▶ [What needs to be done]: The lines below, from the one containing "Art Nouveau floral" through the one containing "エレガントゴモダンルフボール&ティー王室のブルー ラージペーパーバッグ (正面)", should be set down exactly, with no pictures and nothing else.

▶ [Source data]:
>>>>>
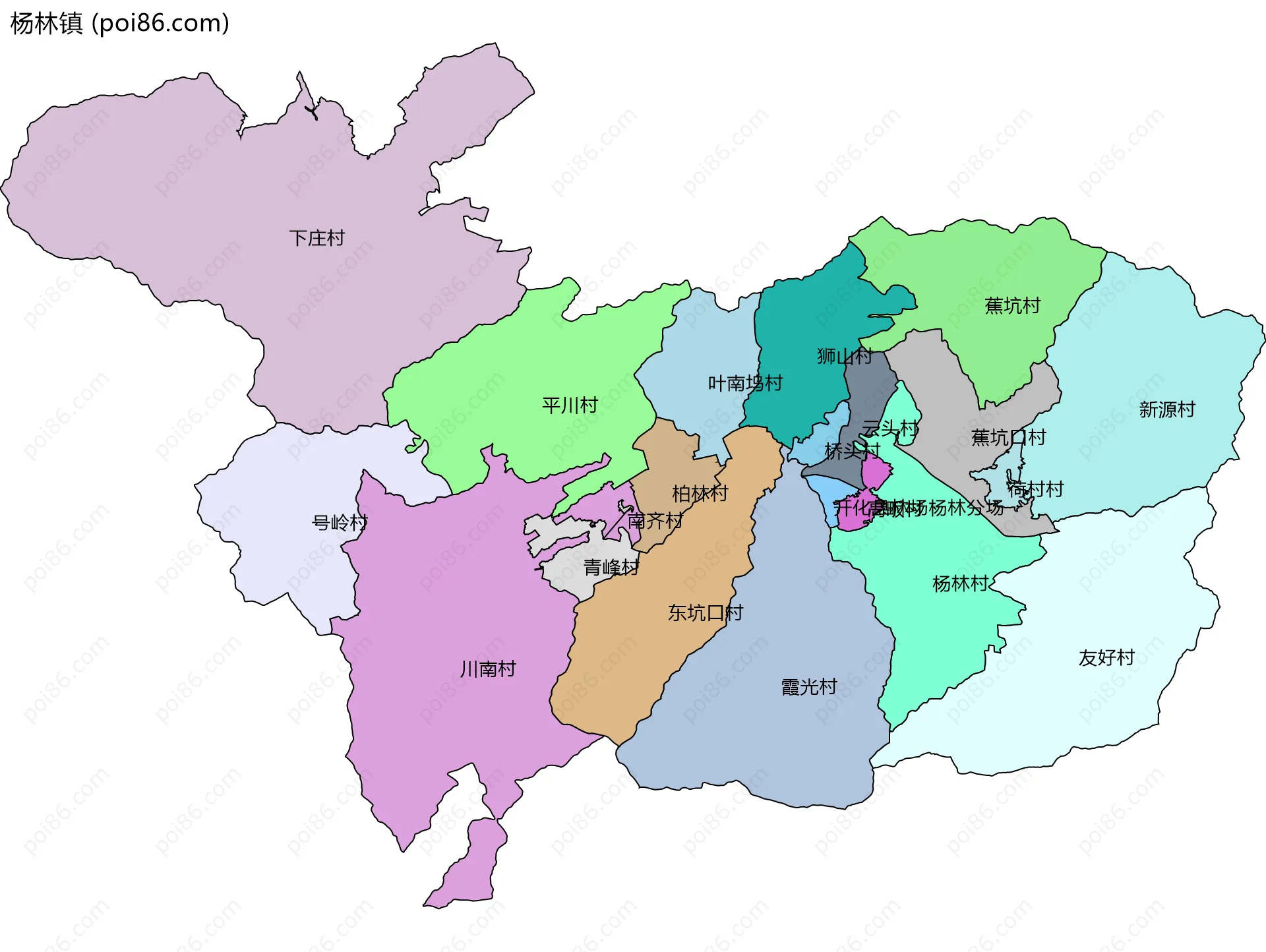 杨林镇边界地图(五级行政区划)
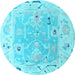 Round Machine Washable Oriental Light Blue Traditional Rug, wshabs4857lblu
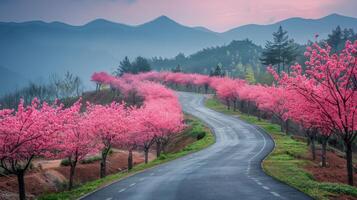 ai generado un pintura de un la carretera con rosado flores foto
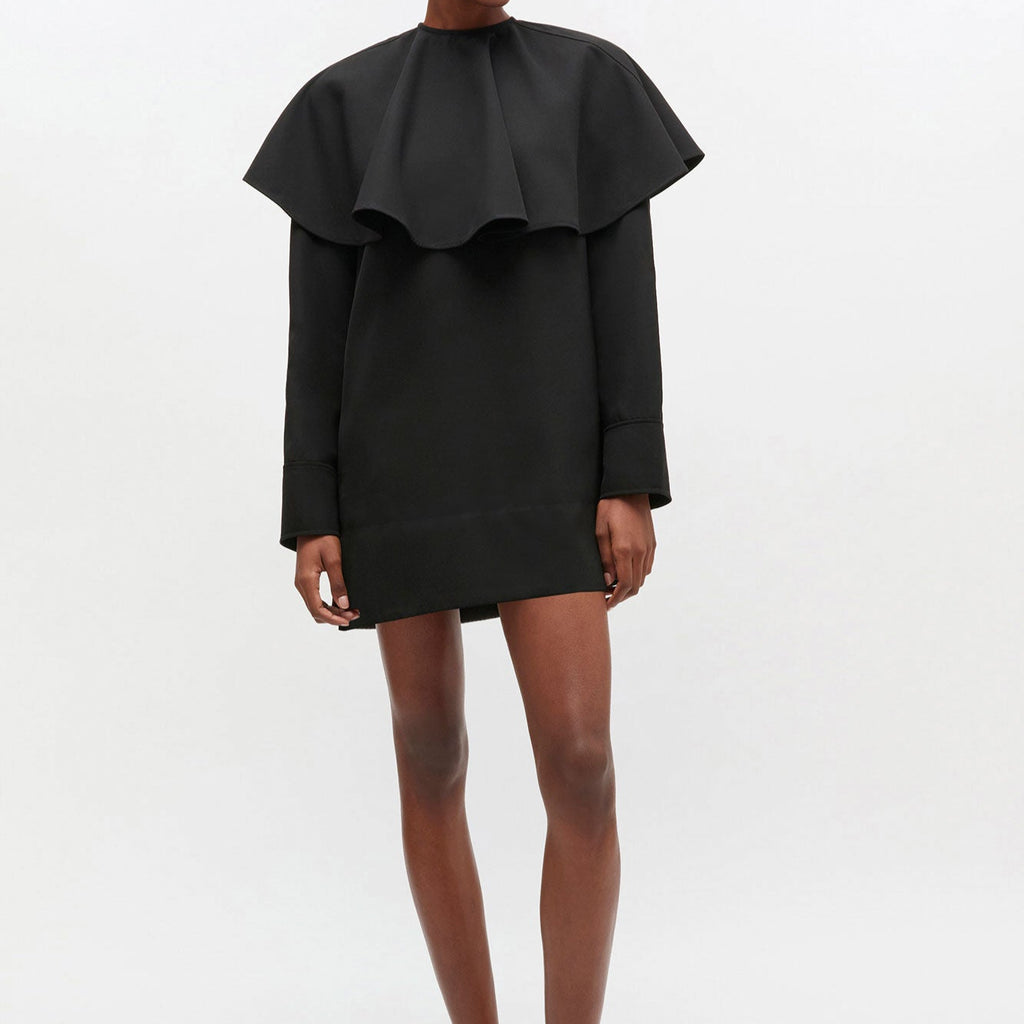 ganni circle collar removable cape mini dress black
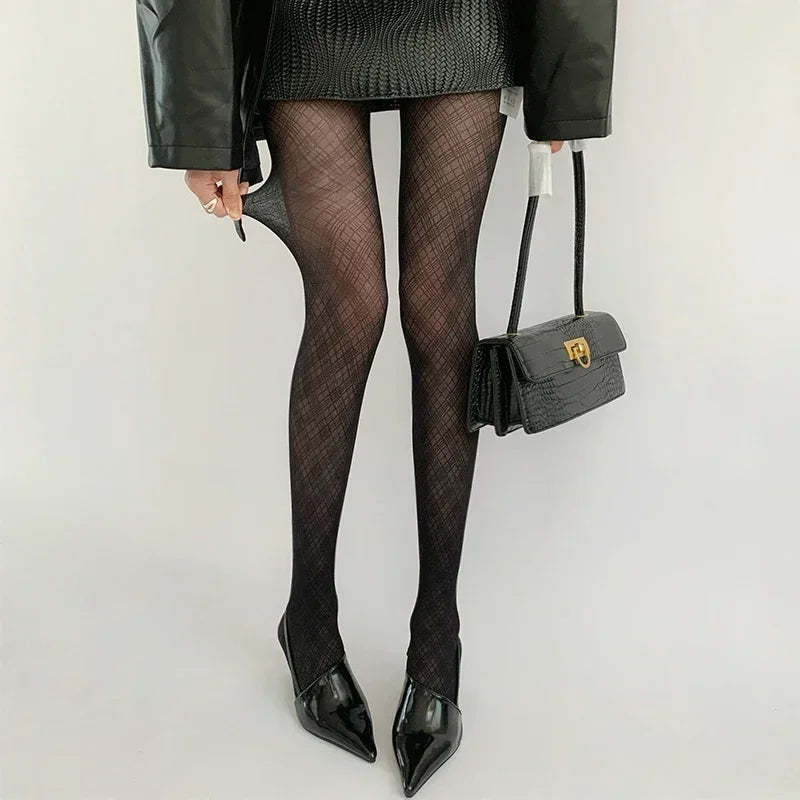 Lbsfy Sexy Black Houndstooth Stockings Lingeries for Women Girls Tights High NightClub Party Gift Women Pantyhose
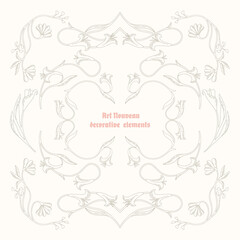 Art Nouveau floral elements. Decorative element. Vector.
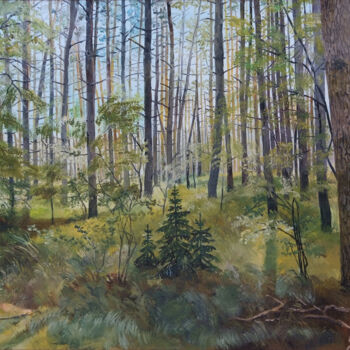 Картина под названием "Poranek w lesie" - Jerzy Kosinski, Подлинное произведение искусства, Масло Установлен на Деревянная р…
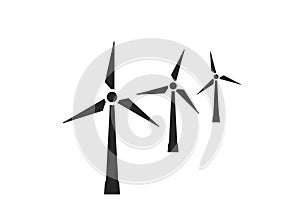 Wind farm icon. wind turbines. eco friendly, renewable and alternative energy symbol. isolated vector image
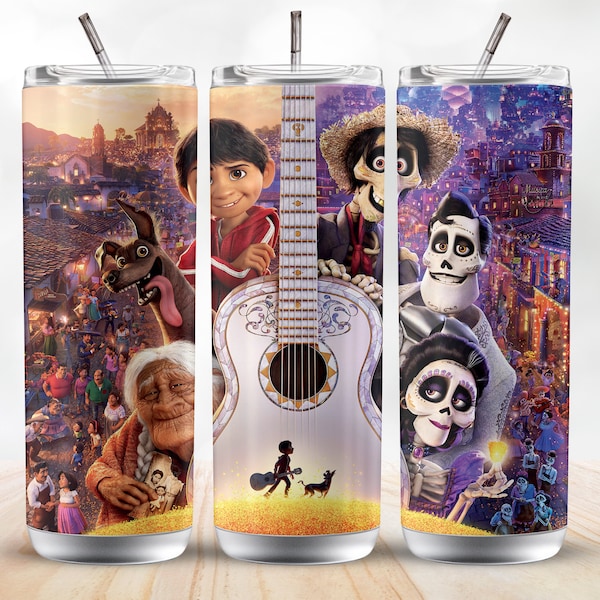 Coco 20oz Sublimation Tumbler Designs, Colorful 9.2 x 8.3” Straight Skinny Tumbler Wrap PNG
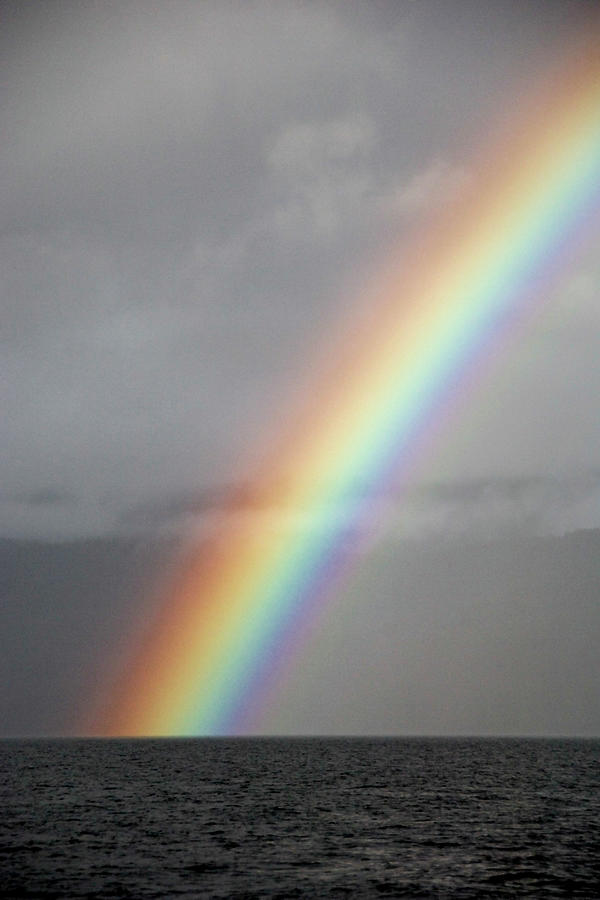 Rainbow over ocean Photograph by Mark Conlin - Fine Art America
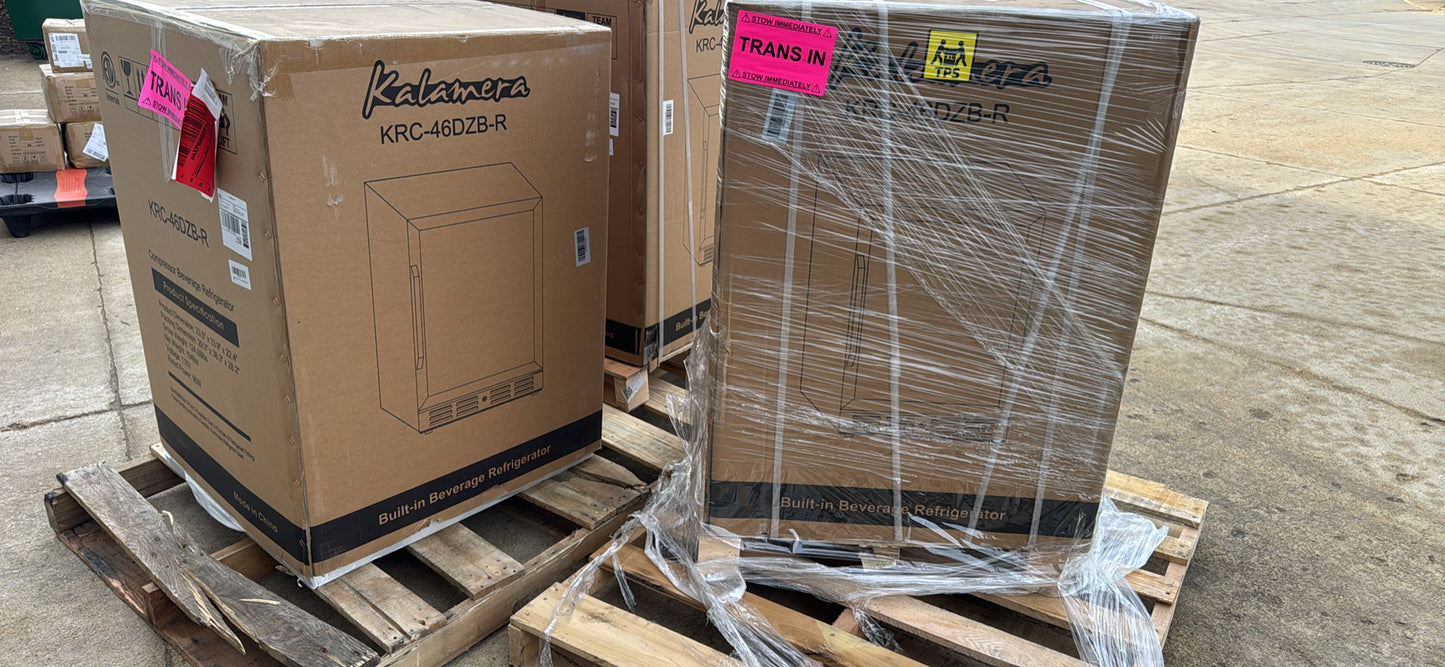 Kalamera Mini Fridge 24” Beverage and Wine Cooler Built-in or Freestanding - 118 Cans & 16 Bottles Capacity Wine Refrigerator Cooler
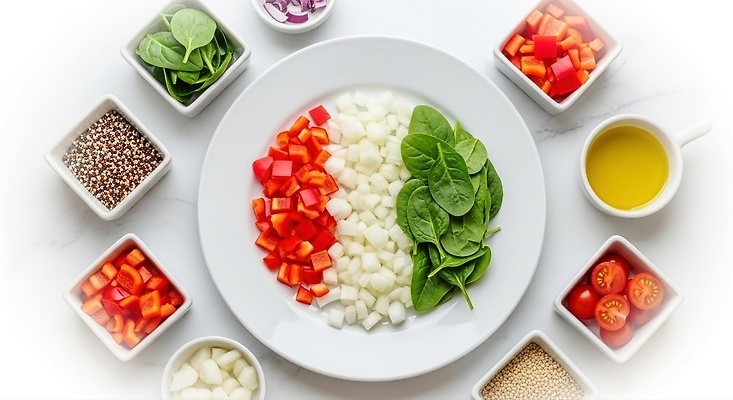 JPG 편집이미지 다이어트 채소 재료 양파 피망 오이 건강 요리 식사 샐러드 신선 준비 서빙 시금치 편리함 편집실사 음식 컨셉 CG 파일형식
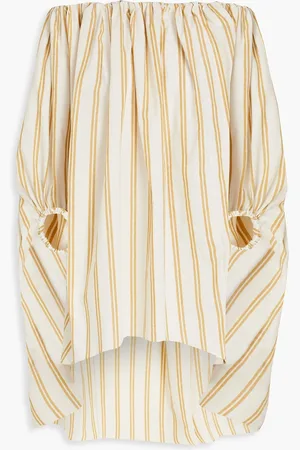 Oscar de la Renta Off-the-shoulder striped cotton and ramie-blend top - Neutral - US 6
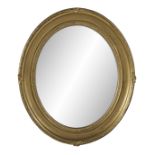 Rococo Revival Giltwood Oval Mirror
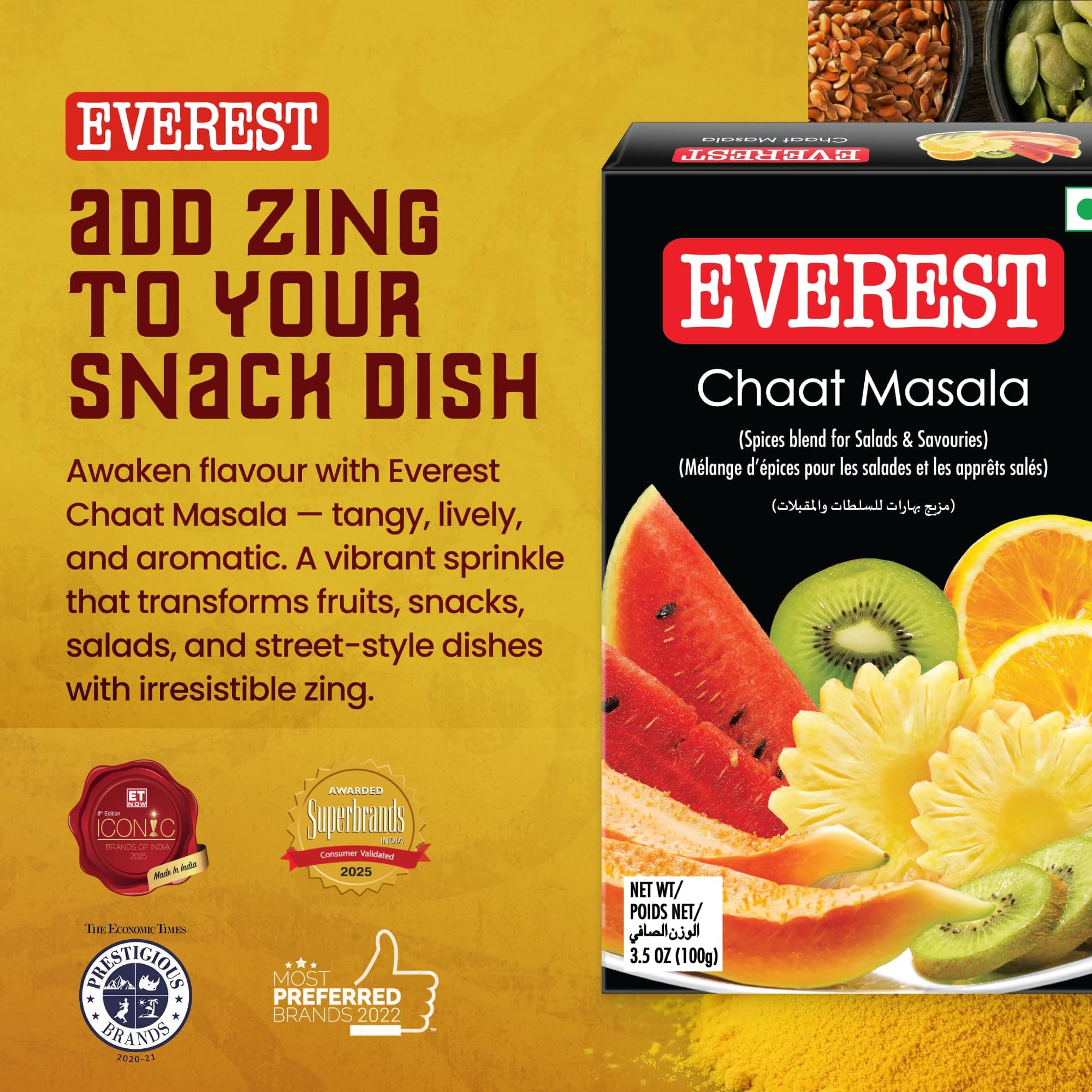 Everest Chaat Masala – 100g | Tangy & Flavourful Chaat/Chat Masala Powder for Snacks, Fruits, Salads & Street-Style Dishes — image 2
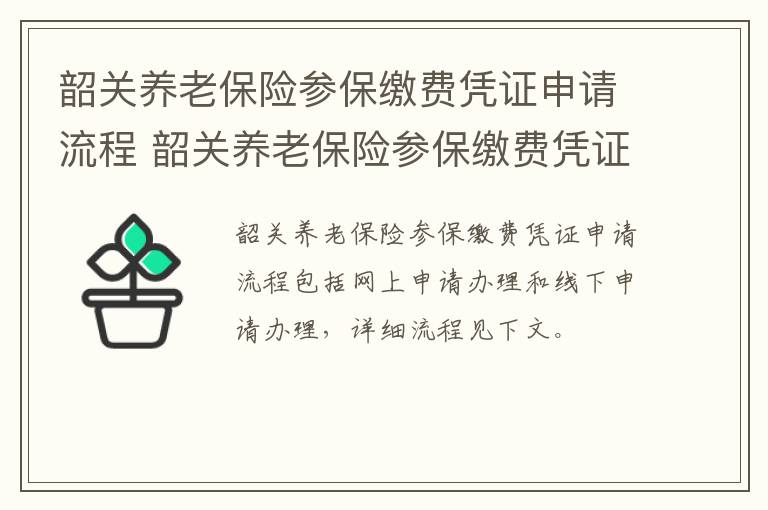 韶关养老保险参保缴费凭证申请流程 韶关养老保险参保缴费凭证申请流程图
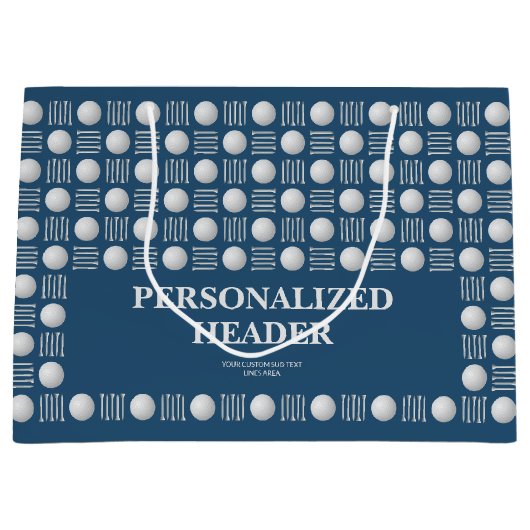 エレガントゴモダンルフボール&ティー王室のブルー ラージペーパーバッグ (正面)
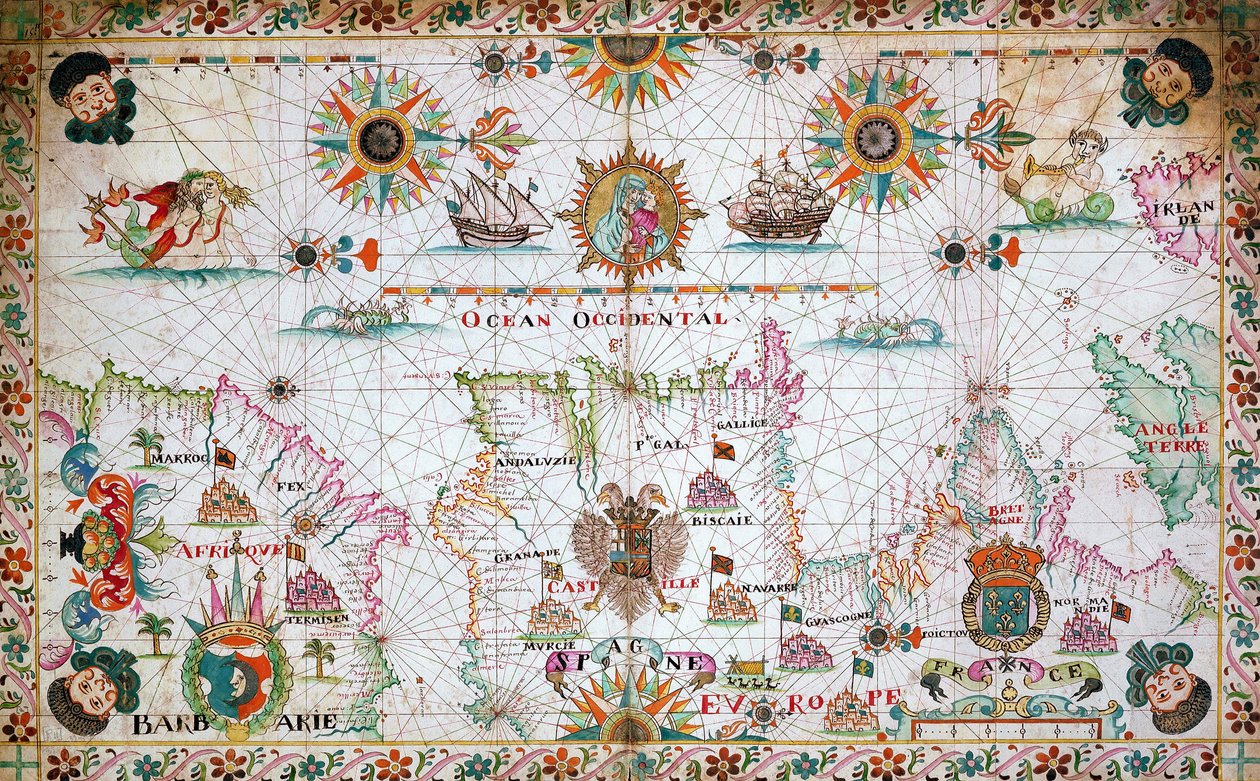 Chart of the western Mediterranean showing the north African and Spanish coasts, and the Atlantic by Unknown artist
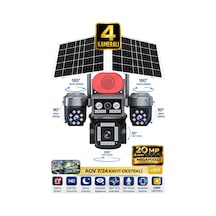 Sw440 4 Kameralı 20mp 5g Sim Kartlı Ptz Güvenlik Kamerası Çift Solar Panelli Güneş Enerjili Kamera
<<<<<
▶ [Output of the exercise]:
 Art Nouveau floral elements. Decorative element. Vector.
 Картина под названием "Poranek w lesie" - Jerzy Kosinski, Подлинное произведение искусства, Масло Установлен на Деревянная р…
 Wind farm icon. wind turbines. eco friendly, renewable and alternative energy symbol. isolated vector image
 Coco 20oz Sublimation Tumbler Designs, Colorful 9.2 x 8.3” Straight Skinny Tumbler Wrap PNG
 Rainbow over ocean Photograph by Mark Conlin - Fine Art America
 Kalamera Mini Fridge 24” Beverage and Wine Cooler Built-in or Freestanding - 118 Cans & 16 Bottles Capacity Wine Refrigerator Cooler
 JPG 편집이미지 다이어트 채소 재료 양파 피망 오이 건강 요리 식사 샐러드 신선 준비 서빙 시금치 편리함 편집실사 음식 컨셉 CG 파일형식
 Oscar de la Renta Off-the-shoulder striped cotton and ramie-blend top - Neutral - US 6
 Rococo Revival Giltwood Oval Mirror
 Everest Chaat Masala – 100g | Tangy & Flavourful Chaat/Chat Masala Powder for Snacks, Fruits, Salads & Street-Style Dishes — image 2
 韶关养老保险参保缴费凭证申请流程 韶关养老保险参保缴费凭证申请流程图
 エレガントゴモダンルフボール&ティー王室のブルー ラージペーパーバッグ (正面)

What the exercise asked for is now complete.